Personal information
- Full name: John Monteath
- Born: 9 October 1878 Ballyholme, Ireland
- Died: 11 June 1955 (aged 76) Awliscombe, Devon, England
- Batting: Unknown

Domestic team information
- 1903/04: Europeans

Career statistics
| Competition | First-class |
| Matches | 1 |
| Runs scored | 1 |
| Batting average | 0.50 |
| 100s/50s | –/– |
| Top score | 1 |
| Catches/stumpings | –/– |
- Source: ESPNcricinfo, 1 December 2018

= John Monteath =

Irish cricketer and colonial official

John Monteath (9 October 1878 - 11 June 1955) was an Irish first-class cricketer and colonial official in British India.

Monteath was the son of Sir James Monteath, a colonial administrator in British India. He was educated at Clifton College, before going up to King's College, Cambridge in 1897. He graduated with a first-class in 1900, before joining the Indian Civil Service (ICI) in 1902.

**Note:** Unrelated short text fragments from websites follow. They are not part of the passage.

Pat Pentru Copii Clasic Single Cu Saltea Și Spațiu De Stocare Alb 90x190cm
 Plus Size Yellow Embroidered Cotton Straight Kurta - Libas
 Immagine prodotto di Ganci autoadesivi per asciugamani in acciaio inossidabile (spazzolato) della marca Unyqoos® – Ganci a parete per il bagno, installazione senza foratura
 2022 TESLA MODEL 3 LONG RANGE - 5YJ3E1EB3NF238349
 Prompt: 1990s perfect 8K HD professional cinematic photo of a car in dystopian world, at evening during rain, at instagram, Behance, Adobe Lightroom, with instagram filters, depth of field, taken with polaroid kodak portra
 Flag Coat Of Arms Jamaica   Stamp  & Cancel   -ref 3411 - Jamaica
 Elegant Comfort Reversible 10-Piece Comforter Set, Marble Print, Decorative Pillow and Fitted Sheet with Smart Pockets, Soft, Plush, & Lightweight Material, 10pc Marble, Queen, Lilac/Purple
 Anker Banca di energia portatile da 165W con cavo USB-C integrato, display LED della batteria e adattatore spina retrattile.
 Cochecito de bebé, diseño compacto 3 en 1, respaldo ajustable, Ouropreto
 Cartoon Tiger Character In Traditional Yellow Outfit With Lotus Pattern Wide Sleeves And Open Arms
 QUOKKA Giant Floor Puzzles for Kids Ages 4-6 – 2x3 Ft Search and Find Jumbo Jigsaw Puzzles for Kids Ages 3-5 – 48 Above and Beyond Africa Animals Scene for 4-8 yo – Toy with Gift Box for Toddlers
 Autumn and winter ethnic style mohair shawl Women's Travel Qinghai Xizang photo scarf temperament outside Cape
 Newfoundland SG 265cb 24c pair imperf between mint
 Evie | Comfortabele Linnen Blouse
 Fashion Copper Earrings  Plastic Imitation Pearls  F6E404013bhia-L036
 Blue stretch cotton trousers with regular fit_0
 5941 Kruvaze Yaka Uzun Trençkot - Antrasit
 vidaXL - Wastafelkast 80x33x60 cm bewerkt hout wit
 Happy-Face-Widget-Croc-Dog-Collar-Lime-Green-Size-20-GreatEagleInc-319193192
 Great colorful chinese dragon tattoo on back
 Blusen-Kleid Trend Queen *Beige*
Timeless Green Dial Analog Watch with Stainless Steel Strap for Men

His first post in the ICI was as an Assistant Collector at Dharwar, a position he held until 1908. During this time, he played a first-class cricket match for the Europeans against the Parsees at Bombay. Batting twice in the match, Monteath was dismissed without scoring in the European's first-innings by Kekhashru Mistry, and was dismissed by the same bowler for a single run in their second-innings. Fellow Irishman James McDonogh was also a member of the Europeans team. He served as an Assistant Political Agent in Kathiawar from 1908-1915, before taking up the post of Municipal Commissioner in Ahmedabad, a position he held for a few months in 1915. He was the Postmaster General for the Punjab in 1915-1916, before taking up the same post from 1916-1919 in Madras. He was a District Magistrate for the Bombay Presidency and Sind from 1921-1926, and from 1926-1928 he was the Secretary to the Bombay Government Home Department. In the Indian General Election of 1926 he was elected to the Central Legislative Assembly.

He later served as the Dewan or Prime Minister of Junagadh State, a post he held from 1933-1939. Monteath was made a Companion of the Order of the Indian Empire in the 1937 New Year Honours. He returned to England around the time of Indian Independence, and was living at Bury St Edmunds. He died at Awliscombe in Devon in June 1955.